As a “newbie,” Carvel believes he initially guarded his vision more than a director with greater experience would. “But then as the shoot went on, I learned to relax to some extent and to realise that it wasn’t going to come off the rails. But also others around me had to realise that it wasn’t going to capsize and, as a consequence, it is very composed.

Dalgliesh’s third season debuts on Acorn TV today

“So there are a lot of shots where Krish is in the foreground. I really enjoy playing with focus. You’ve got Krish in the foreground, Catherine in the mid-ground, Dalgliesh in the background. I very much enjoy thinking in terms of shots that develop from one image to another, because the whole story seems to be about exclusion. So as a visual language, what you put inside and outside of a frame, how you imprison someone inside the design and the composition of the frame is almost like an obvious language that you would want to use, but almost without it being noticed. It should be subliminal so that people are thinking about that thematic idea without knowing it.”

When he first sat in the director’s chair, Carvel admits he was “shocked and somewhat traumatised” by how many unknowns there were despite his experience as an actor. In fact, he describes it akin to a parental role, “and I hadn’t really prepared for that,” he says.

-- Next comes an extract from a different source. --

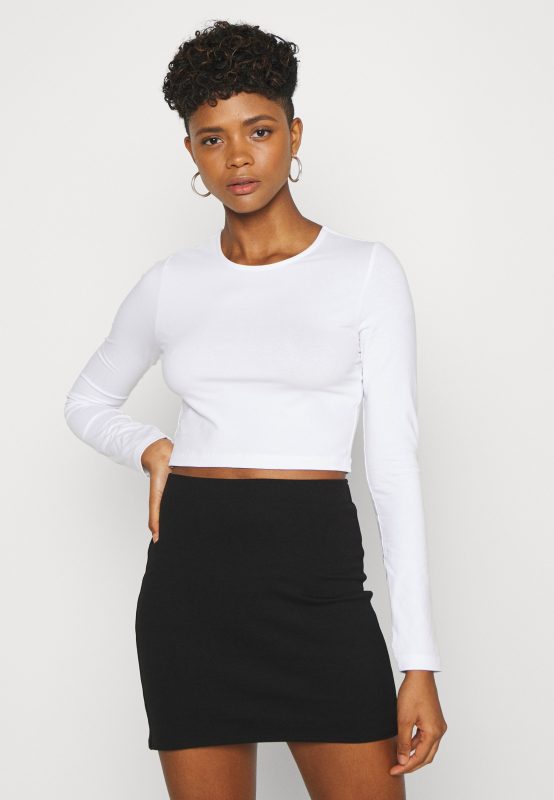 Even&odd 2 PACK – T-shirt à Manches Longues Even&Odd Déstockage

“Whereas things that I had expected to find more challenging because they were things of which I had no experience were generally just a complete delight, because it was like having a new toy,” he says. “It was an extraordinary cast that we managed to assemble, a brilliant team, most of whom have worked on successive seasons of Dalgliesh. All the heads of department and most of the crew are returning alumni of Dalgliesh, so I was very well supported by the team, a brilliant DOP, a brilliant producer and a brilliant editor.”

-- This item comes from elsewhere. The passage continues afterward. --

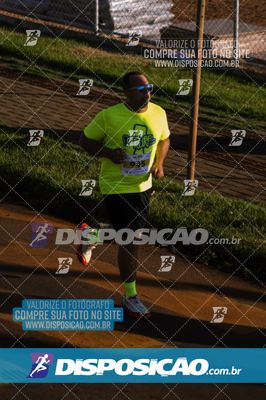 Foto 7882022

That support extended into post-production and shaping the edit alongside editor Stephanie McCutcheon and sound mixer Chloe Dalzell. “That’s not a part of the process as an actor you’re really ever very much invited to,” he says. “Frankly, having that amount of control was just a huge joy and I was very well supported by the execs.”

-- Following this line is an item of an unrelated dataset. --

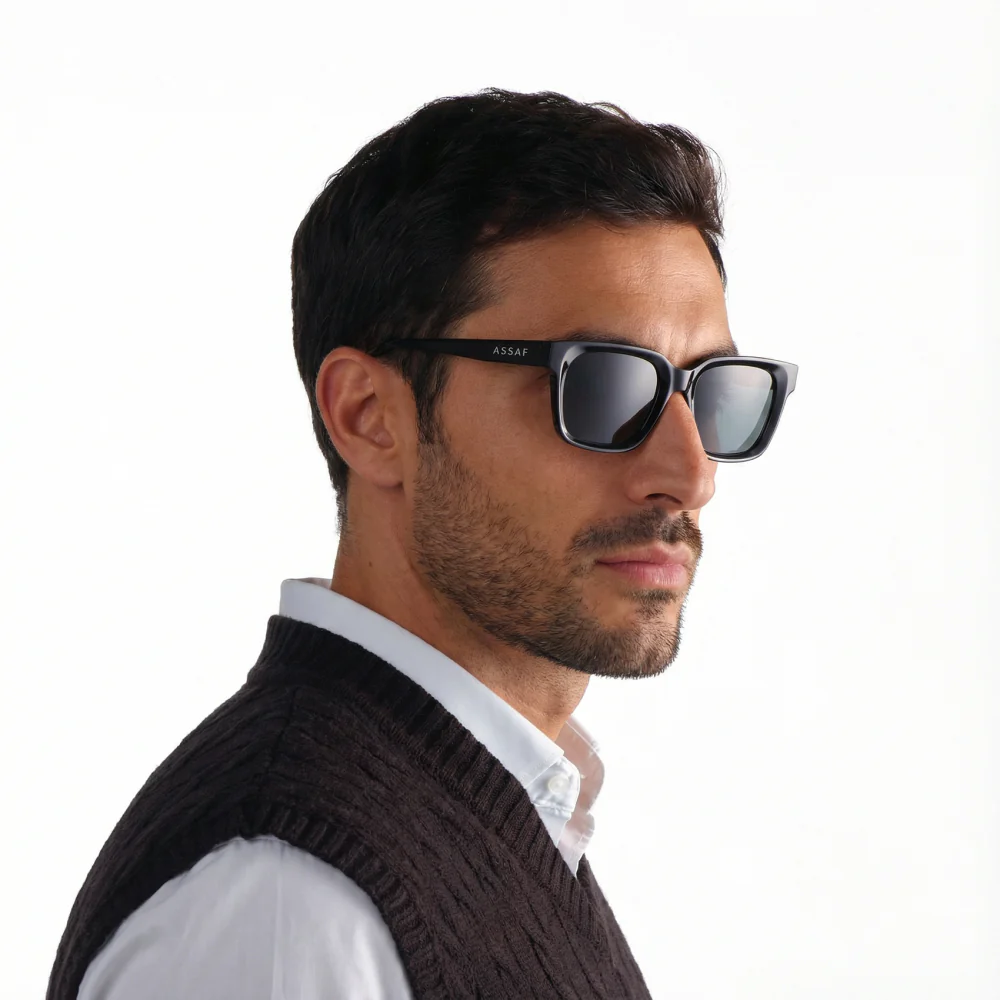 ARROGATE 40 Sunglasses - Image 2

Of course, directing Dalgliesh also meant Carvel had to direct himself. “I’m afraid if you talk to some of the other actors I’ve worked with, they’d say I always do that,” he jokes. In fact, he found his extensive preparation to direct the double episode meant he’d already done a lot of the work for his acting role. “So when you are both, it cuts out the middle man,” he notes.

“The only part of it that was challenging wearing the two hats was that I had to edit the film while I was shooting the second block. That meant being in two places at once, which was almost impossible, so I barely saw my family. I didn’t really sleep for the rest of the shoot, so that was physically challenging. But we managed to make it work.”

After collecting his first screen directing credit, Carvel is now hungry for more. “I remember going around [after Strife] and saying what it had taught me was that I’m a good actor and that I’m not sure I’m a good director yet,” he says. “What this has taught me is I am a good director; I’m better than I was and I should do more. It’s really nice to be able to say that with huge confidence. I really think it’s good, and I’m not ashamed to say that.”